Vingt ans plus tard – Miguel Angel Hernandez

Miguel Angel Hernandez a vécu un drame dans sa jeunesse. Il y a vingt ans, la nuit de Noël, son meilleur ami Nicolas a tué sa grande sœur en la battant à mort avant de se jeter dans un ravin. Dans le village où ils habitaient, personne n’a pu expliquer ce crime, il ne semblait pas y avoir de tension particulière entre le frère et la sœur, et l’assassin était un jeune homme sans histoire, calme et réservé.
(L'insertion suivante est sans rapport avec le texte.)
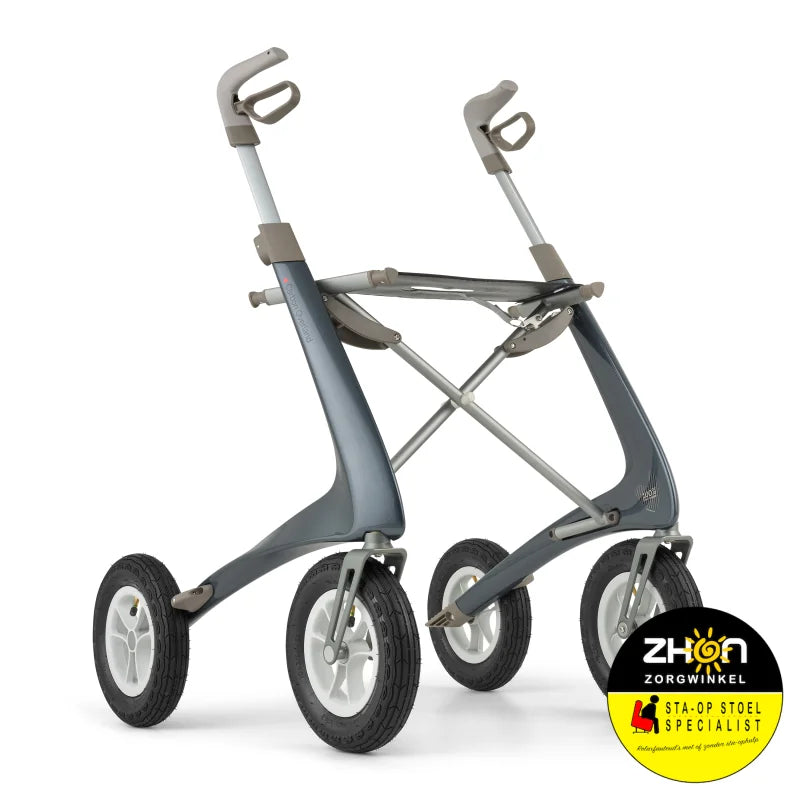 ByAcre - Carbon Overland - Lichte rollator met luchtbanden - 6,7 kg ! - Carbon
Miguel Angel lui-même a été abasourdi. Puis il a en quelque sorte occulté ce drame, a pris de la distance avec le microcosme du village où il a grandi, est devenu un « intellectuel », un auteur reconnu. Pourtant, « Vingt ans plus tard », cet événement douloureux est venu le hanter, et il a décidé de tenter de comprendre ce qu’il s’était réellement déroulé, et d’en faire le sujet de son nouveau livre.
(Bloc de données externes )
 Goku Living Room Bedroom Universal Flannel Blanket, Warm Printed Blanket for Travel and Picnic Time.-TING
J’aime beaucoup les true crimes, mais celui-ci est assez déroutant. En effet, « l’enquêteur » n’est ni neutre, ni un proche de la victime. Miguel Angel Hernandez se retrouve à enquêter – via les médias de l’époque, à l’ère pré-internet, via ce que lui disent les témoins, des gens qui sont ses amis, ses voisins, sa famille, via le dossier judiciaire qu’il cherche à obtenir – sur une affaire qui le touche de près,  où il oscille entre l’envie d’en savoir plus et la peur de ce qu’il pourrait découvrir sur ce garçon dont il a été si proche, avec qui il a tant de souvenirs d’enfance, pour qui il a encore des sentiments affectueux, et dont il n’a jamais soupçonné qu’il pourrait commettre un tel crime. D’ailleurs, l’auteur s’aperçoit à un moment qu’il ne s’intéresse qu’à l’assassin, et qu’il ne sait presque rien de Rosi, la victime, et de sa personnalité.
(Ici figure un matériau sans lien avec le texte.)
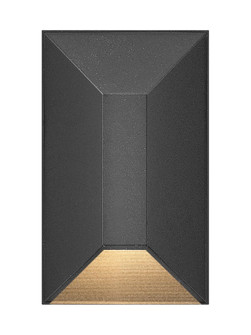 12V Small Rectangular Deck Sconce (87|15223BK)
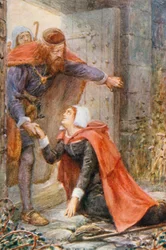 Mercy at the Wicket-gate (lithographie couleur)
Miguel Angel Hernandez se confronte donc à un passé avec lequel il n’est pas à l’aise, un passé qu’il a essayé d’enterrer pendant vingt ans.  Celui d’une jeunesse où il était un adolescent obèse, un lecteur avide en décalage avec son milieu familial, souhaitant par-dessus tout aller étudier à l’université et se fondre dans l’anonymat d’une grande ville, au lieu de vivre dans un petit village, où tout le monde se connait et se scrute.

C’est un récit plein de douleur, mais aussi de nostalgie et de culpabilité, car Miguel Angel Hernandez n’assume pas complètement sa trajectoire, qui s’est construite sur une prise de distance avec son milieu, avec sa famille. Un récit frustrant, également, car le lecteur se demande jusqu’au bout quelles sont les raisons qui ont poussé ce jeune homme à tuer sa sœur – était-il un psychopathe? a-t-il eu un coup de folie? y a-t-il eu tentative de viol ou inceste? C’est en tout cas, via un angle complexe, la découverte pour moi d’un auteur espagnol que j’ai très envie à présent de retrouver dans une œuvre de fiction.

Publié en Octobre 2021 chez Globe, traduit par Lise Belperron, 272 pages.